Long noodles represent long life. Spring rolls resemble gold bouillon. The word for fish sounds like the words for wish and abundance. And if served whole, head and tail attached, a fish for dinner symbolizes a good beginning and end of the coming year.

Even if you're firecrackers and red lanterns are in storage. Even if your dragon costume is at the dry cleaners. Even if you don't participate in any other festivities to ring in the Chinese New can always eat your way into the year of the hare...and here's how to do it............

Visit Viet Hoa Food Market right here in Louisville. This place has everything you need for your Chinese New Year feast...and much, much more.
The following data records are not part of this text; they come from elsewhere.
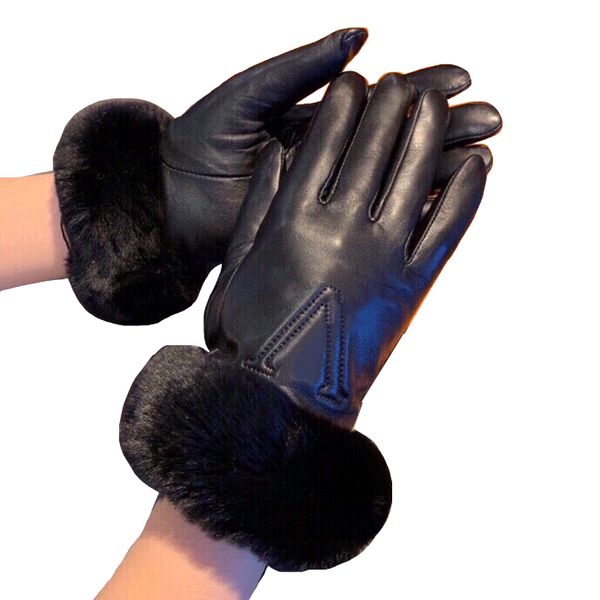 rabbit hair plush glove outdoor windproof leather gloves letter embroidery winter accessories womens touch screen mitten, Blue;gray
rabbit hair plush glove outdoor windproof leather gloves letter embroidery winter accessories womens touch screen mitten, Blue;gray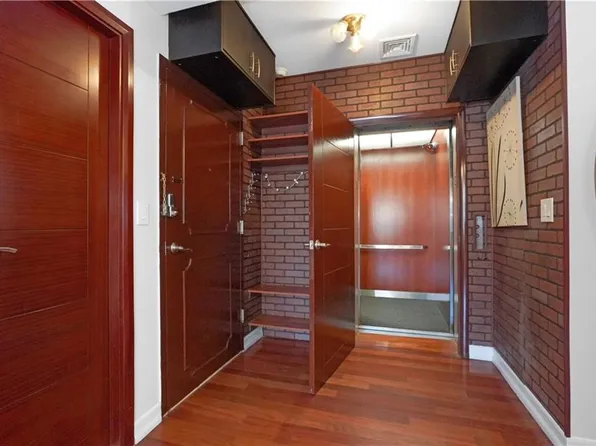 2874 Brighton 3rd Street image 5 of 32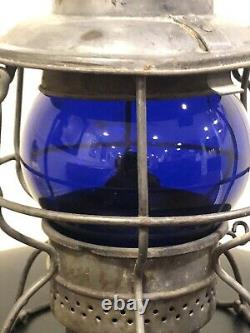 Vintage Adlake Kero Chesepeake & Ohio Railroad Lantern With Cobalt Blue Globe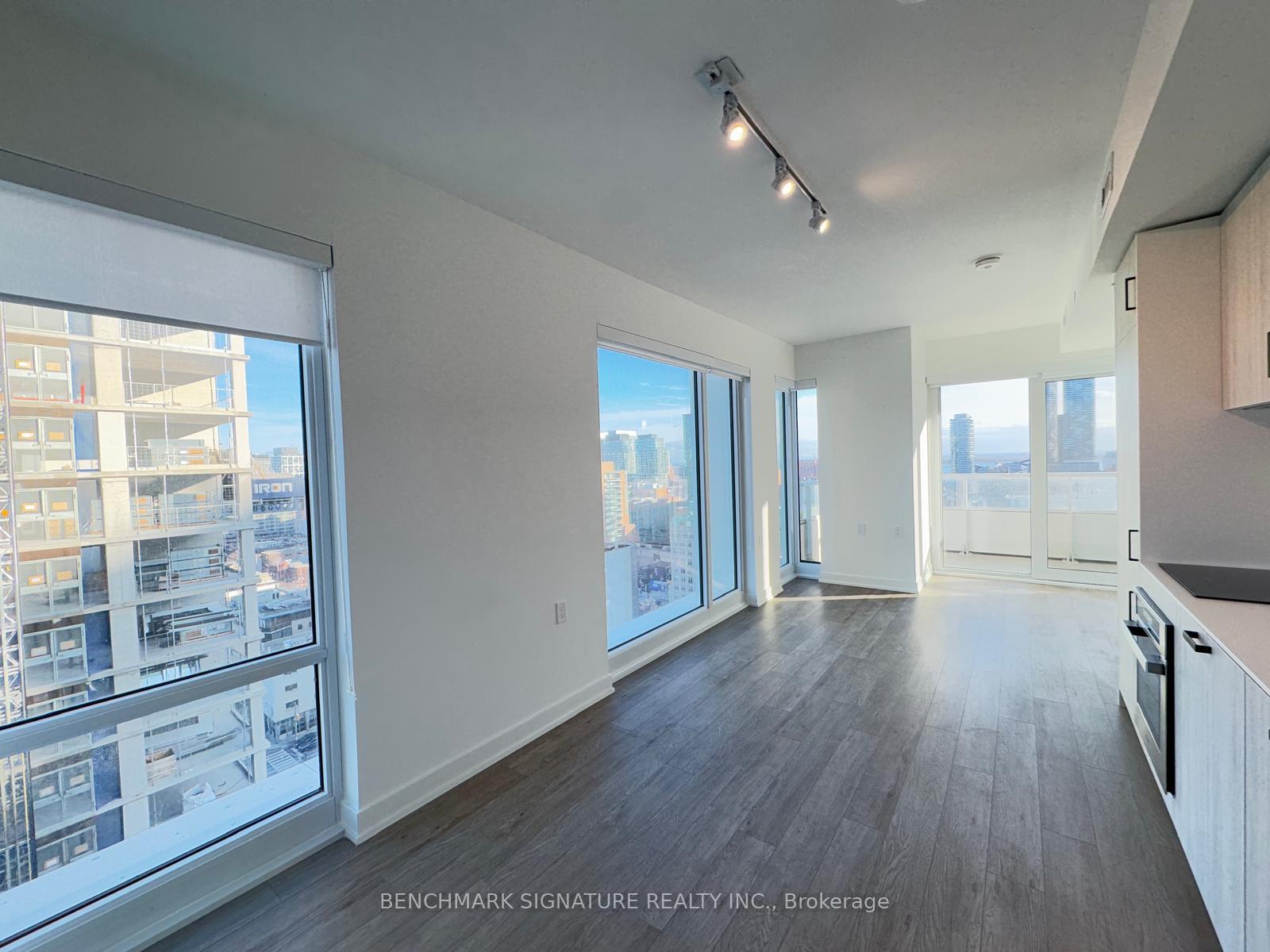 88-queen-street-e-toronto-ontario-c12958906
If you're not confident in your cooking skills they have aisle after aisle of traditional Chinese pre-made frozen goods...many of which you would find on a dim sum menu. Be adventurous! Grab a cart and fill it up! All you'll have to do is re-heat it all when you get home.

Try a new noodle...they have dozens of varieties. Be brave and roast a whole fish for dinner...they have plenty.

And don't forget dessert! If you can't find anything with lotus paste, red bean paste filled treats are always yummy.

Nick and I visited Viet Hoa a few weeks ago and filled our cart with dozens of our favorite things...Chinese sausage, fish balls, our favorite type of red chili paste, dried mushrooms of every variety, noodles, sauces...the list goes on.

And don't worry about the language barrier. Viet Hoa marks just about every item with an English description. If it isn't in English on the package simply look at the shelf tag for an idea of what it is.

So ring in the Chinese New Year with traditional Chinese fare. Leave the General Tso Chicken for another time and partake in some truly delicious (and perhaps lucky) food.

Viet Hoa Food Market
7100 Preston Hwy #107
Louisville, KY 40219

P.S. They don't JUST have Chinese goods. They carry food from all across Asia...if not all across the globe.